Work instruction
Look below for the lines from the one with "At Rudolph Chevrolet" to the one with "Ladies and gentlemen, this", and copy exactly those lines, both ends included.

Data excerpts
○ ○ ○ ○ ○ ○ ○
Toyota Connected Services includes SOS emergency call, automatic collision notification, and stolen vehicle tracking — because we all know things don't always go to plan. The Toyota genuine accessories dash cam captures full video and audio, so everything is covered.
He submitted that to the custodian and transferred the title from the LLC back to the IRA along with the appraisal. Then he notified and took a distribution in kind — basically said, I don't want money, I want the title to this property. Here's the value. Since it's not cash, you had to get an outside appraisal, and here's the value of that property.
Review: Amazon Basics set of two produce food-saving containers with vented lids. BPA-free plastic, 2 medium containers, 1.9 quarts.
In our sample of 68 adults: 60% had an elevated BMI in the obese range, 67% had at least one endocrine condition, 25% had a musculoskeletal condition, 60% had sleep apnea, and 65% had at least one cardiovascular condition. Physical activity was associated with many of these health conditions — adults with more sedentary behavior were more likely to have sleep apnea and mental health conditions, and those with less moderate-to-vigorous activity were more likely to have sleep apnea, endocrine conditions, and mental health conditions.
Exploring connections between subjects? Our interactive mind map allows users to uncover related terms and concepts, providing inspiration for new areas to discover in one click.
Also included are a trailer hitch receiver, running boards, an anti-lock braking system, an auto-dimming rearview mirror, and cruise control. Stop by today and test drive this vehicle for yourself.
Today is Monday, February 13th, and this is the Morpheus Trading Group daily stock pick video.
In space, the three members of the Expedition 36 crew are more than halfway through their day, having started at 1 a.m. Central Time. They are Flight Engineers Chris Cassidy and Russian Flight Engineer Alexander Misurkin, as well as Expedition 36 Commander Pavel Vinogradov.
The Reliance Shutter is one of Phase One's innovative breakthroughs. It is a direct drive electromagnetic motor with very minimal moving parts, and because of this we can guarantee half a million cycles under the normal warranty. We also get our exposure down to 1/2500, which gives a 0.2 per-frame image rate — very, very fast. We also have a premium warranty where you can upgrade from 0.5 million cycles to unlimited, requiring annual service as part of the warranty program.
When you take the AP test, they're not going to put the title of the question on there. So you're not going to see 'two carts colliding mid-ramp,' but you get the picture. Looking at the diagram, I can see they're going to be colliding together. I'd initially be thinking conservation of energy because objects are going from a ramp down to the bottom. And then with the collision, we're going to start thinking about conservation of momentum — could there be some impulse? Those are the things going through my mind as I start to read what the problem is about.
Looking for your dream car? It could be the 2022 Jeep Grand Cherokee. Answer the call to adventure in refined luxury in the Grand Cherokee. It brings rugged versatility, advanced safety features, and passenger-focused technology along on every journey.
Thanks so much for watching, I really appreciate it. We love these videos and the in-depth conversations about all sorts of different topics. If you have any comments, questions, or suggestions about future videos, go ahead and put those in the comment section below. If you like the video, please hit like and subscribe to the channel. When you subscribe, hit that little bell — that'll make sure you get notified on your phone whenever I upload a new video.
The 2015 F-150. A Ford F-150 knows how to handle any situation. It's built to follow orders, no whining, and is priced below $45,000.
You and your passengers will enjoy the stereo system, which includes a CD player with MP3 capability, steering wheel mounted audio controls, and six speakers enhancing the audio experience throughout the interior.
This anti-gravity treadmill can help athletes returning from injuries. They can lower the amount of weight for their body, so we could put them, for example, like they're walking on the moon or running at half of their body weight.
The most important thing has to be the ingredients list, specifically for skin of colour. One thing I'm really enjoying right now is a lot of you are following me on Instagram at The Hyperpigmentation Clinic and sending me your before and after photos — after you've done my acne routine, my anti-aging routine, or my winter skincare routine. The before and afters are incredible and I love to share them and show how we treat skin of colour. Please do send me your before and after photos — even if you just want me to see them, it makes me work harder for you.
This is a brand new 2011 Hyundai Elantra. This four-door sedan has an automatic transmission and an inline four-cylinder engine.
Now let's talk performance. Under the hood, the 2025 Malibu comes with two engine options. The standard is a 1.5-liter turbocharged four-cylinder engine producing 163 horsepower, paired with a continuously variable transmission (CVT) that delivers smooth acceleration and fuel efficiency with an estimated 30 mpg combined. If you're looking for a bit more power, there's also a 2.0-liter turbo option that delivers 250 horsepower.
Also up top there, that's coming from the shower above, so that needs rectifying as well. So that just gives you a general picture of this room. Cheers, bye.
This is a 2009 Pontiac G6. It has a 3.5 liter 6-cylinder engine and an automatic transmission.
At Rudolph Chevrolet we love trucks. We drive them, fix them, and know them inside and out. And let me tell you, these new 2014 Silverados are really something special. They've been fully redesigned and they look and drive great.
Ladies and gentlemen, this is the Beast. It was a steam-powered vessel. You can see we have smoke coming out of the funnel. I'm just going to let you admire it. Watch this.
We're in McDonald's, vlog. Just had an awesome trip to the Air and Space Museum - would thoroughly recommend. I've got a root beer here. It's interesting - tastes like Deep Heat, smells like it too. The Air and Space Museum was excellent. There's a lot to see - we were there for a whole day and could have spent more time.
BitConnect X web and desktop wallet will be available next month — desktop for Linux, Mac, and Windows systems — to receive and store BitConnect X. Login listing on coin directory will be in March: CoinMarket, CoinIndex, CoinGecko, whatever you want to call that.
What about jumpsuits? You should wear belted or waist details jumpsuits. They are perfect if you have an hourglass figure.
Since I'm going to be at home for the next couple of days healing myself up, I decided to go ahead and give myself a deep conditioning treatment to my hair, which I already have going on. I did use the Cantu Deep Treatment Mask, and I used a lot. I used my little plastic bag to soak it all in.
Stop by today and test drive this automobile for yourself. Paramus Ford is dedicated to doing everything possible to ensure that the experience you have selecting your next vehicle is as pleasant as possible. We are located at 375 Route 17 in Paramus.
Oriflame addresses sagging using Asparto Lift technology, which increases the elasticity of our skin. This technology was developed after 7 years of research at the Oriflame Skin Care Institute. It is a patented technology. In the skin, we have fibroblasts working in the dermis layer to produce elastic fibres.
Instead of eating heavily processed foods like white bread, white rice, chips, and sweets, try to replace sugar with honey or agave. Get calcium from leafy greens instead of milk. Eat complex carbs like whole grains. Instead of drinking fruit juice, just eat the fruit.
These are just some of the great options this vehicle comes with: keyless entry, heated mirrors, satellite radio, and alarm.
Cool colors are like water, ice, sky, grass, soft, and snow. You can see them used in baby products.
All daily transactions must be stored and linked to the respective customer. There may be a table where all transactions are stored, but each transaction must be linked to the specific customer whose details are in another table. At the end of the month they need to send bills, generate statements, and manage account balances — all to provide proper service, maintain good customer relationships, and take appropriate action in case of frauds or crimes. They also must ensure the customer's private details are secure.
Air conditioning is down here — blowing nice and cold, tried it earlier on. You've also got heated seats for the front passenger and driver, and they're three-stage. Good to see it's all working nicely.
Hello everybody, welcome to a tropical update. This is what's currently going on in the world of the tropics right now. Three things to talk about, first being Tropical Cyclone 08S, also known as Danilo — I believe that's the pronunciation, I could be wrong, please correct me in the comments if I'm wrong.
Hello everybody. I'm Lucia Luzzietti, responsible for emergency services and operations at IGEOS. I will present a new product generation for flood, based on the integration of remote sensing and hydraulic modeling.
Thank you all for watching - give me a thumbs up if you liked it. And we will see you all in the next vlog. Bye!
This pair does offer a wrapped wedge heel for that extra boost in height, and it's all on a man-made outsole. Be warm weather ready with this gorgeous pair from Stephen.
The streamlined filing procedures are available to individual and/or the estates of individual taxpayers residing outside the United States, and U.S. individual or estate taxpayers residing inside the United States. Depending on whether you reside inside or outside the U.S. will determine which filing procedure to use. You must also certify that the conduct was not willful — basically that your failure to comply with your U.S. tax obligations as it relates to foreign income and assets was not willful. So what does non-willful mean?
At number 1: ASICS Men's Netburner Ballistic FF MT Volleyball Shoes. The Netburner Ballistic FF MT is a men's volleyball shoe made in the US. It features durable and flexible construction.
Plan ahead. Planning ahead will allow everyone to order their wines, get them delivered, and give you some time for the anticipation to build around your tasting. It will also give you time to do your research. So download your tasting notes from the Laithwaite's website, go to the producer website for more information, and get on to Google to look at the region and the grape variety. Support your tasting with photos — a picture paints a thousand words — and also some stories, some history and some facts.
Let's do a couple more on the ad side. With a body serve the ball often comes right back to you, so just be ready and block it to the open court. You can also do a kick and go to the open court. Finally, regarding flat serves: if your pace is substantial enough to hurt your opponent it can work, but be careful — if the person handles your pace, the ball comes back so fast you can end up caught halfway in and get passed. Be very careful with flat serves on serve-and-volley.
○ ○ ○ ○ ○ ○ ○
Solution
At Rudolph Chevrolet we love trucks. We drive them, fix them, and know them inside and out. And let me tell you, these new 2014 Silverados are really something special. They've been fully redesigned and they look and drive great.
Ladies and gentlemen, this is the Beast. It was a steam-powered vessel. You can see we have smoke coming out of the funnel. I'm just going to let you admire it. Watch this.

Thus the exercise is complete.